__TASK DETAILS__:
Give back exactly the lines of the data below, starting with the line that has "Pas de douleur, pas" and going on through the line that has "Wireless Magnetic Usb".

[Opening INPUT section]

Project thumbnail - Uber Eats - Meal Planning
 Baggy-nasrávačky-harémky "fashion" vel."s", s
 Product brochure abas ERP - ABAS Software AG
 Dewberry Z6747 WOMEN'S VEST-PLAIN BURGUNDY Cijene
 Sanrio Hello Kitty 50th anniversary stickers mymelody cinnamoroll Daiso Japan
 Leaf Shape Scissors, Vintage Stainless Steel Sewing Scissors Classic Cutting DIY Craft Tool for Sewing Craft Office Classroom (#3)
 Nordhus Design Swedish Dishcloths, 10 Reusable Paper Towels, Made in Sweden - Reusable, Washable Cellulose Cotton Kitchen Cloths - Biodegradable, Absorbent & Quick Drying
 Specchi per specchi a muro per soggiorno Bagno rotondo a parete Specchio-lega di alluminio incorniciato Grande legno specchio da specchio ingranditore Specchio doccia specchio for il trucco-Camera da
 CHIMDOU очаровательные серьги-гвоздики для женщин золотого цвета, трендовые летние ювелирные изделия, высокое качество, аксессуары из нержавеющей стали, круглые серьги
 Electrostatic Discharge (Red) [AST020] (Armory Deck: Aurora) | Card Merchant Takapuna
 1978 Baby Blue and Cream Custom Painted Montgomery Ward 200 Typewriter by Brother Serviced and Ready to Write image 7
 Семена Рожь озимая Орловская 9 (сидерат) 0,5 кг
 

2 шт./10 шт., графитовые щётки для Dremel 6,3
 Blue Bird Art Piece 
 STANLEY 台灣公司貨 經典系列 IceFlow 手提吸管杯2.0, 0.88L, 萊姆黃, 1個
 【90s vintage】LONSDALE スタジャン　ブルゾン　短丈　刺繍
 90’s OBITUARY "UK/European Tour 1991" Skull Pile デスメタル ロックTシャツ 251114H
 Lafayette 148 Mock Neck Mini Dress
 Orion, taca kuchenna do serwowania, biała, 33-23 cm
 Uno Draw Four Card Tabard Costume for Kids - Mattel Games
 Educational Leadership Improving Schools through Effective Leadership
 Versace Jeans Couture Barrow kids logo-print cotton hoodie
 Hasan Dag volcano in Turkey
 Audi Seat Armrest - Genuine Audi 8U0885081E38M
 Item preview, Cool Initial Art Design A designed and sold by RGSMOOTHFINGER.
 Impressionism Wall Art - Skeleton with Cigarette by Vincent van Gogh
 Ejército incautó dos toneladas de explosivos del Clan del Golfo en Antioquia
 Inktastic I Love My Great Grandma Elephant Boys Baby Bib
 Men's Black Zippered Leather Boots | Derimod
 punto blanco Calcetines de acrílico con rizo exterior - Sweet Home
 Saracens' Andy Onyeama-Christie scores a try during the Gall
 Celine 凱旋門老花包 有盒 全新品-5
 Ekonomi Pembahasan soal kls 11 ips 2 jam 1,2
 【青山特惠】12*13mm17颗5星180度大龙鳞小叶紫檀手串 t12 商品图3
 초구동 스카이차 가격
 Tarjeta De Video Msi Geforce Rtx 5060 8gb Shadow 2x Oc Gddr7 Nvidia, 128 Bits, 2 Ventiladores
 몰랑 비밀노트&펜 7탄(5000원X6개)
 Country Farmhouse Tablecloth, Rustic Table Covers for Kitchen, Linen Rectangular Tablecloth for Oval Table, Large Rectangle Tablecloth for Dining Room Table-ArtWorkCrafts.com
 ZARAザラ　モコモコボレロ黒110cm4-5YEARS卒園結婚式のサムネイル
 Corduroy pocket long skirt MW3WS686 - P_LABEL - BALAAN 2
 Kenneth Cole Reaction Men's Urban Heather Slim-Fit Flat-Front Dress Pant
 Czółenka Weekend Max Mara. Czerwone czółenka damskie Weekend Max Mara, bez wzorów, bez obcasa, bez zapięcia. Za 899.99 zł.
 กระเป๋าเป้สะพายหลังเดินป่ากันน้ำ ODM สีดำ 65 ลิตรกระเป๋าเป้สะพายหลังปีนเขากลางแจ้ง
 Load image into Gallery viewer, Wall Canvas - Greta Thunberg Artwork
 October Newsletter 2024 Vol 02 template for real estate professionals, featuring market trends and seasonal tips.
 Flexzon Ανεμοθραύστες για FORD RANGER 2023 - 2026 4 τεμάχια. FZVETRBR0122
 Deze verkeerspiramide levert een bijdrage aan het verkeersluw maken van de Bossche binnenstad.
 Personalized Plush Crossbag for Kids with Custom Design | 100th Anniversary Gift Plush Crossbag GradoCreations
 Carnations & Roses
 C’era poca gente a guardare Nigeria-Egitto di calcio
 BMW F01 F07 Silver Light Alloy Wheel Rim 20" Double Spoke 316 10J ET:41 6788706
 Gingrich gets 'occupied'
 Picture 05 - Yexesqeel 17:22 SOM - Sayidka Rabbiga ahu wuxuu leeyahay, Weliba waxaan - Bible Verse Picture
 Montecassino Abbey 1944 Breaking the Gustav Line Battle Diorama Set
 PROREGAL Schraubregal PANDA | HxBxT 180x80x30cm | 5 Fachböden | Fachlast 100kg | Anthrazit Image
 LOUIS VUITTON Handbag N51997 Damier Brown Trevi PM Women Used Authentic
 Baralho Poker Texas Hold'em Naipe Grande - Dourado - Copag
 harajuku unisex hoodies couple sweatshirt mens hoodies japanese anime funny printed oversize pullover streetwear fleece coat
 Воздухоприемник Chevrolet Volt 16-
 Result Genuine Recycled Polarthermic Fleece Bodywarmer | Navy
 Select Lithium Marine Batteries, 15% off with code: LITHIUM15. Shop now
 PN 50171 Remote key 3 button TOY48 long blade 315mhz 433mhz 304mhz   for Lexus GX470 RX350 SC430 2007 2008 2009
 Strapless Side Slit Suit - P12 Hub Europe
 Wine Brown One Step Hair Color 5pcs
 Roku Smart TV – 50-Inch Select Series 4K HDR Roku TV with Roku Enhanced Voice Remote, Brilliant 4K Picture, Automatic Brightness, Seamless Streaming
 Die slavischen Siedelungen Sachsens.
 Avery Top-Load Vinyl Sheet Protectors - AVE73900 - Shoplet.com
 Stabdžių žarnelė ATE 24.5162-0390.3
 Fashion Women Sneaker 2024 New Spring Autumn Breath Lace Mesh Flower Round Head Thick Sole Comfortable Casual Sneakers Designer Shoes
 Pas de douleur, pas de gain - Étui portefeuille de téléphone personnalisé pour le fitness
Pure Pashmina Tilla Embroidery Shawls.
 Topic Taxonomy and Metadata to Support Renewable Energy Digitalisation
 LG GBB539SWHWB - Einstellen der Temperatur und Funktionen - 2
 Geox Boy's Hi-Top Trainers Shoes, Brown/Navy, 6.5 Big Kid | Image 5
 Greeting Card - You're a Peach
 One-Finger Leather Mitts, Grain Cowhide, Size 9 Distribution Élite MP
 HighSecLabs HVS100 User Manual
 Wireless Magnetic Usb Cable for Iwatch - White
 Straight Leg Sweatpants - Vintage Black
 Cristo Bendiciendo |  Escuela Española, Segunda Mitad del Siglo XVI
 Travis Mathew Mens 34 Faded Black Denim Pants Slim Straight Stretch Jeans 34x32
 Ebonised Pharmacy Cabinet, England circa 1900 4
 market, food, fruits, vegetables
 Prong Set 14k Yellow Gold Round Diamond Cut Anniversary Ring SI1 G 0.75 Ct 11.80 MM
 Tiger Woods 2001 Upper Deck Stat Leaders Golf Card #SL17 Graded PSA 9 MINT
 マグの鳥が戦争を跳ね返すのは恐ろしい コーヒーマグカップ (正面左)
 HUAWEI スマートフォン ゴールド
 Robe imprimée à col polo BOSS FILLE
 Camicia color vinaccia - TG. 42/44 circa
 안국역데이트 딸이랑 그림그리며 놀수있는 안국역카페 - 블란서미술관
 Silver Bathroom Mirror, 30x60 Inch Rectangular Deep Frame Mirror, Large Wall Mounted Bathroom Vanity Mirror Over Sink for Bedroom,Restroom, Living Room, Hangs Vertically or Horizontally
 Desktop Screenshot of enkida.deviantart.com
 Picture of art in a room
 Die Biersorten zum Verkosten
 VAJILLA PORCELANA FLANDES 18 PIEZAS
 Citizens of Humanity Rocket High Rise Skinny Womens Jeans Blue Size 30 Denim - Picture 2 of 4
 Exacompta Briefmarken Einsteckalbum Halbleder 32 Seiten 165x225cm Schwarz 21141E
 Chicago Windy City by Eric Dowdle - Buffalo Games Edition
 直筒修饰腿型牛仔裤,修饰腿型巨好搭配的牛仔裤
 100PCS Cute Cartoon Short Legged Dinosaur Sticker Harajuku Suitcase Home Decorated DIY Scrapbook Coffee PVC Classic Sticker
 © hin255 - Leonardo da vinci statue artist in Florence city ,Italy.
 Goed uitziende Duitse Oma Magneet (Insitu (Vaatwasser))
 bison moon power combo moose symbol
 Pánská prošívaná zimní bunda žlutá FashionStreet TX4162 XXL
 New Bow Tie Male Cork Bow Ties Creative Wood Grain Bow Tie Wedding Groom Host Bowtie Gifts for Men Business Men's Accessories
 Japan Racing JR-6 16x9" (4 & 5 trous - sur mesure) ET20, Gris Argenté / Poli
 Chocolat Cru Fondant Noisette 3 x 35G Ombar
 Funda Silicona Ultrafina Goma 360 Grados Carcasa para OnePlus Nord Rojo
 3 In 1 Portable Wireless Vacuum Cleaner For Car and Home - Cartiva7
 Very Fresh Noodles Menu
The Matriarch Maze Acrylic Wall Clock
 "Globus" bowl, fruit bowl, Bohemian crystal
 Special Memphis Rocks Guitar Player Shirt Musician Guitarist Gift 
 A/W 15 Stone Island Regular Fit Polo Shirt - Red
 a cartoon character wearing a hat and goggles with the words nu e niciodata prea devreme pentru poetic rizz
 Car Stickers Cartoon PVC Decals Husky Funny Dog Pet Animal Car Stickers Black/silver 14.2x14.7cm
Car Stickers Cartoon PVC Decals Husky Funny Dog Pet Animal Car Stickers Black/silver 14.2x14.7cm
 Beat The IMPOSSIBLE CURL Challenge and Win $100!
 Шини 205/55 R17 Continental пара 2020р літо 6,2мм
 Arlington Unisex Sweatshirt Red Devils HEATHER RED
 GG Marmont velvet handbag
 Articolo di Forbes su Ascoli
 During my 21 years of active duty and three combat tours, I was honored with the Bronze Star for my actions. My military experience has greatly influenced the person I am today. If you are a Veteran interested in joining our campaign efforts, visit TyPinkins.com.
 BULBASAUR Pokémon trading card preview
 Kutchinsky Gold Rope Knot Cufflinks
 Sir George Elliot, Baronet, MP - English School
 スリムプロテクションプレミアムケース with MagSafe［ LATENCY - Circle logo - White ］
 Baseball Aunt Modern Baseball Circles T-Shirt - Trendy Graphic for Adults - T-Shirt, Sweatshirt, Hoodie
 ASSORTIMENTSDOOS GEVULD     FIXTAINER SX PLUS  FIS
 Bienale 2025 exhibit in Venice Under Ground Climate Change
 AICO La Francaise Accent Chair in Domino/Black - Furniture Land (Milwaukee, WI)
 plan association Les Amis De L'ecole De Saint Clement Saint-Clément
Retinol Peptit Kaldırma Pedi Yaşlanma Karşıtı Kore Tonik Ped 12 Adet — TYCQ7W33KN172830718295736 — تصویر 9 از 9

[Closing INPUT section]

__RESPONSE AREA__:
 Pas de douleur, pas de gain - Étui portefeuille de téléphone personnalisé pour le fitness
Pure Pashmina Tilla Embroidery Shawls.
 Topic Taxonomy and Metadata to Support Renewable Energy Digitalisation
 LG GBB539SWHWB - Einstellen der Temperatur und Funktionen - 2
 Geox Boy's Hi-Top Trainers Shoes, Brown/Navy, 6.5 Big Kid | Image 5
 Greeting Card - You're a Peach
 One-Finger Leather Mitts, Grain Cowhide, Size 9 Distribution Élite MP
 HighSecLabs HVS100 User Manual
 Wireless Magnetic Usb Cable for Iwatch - White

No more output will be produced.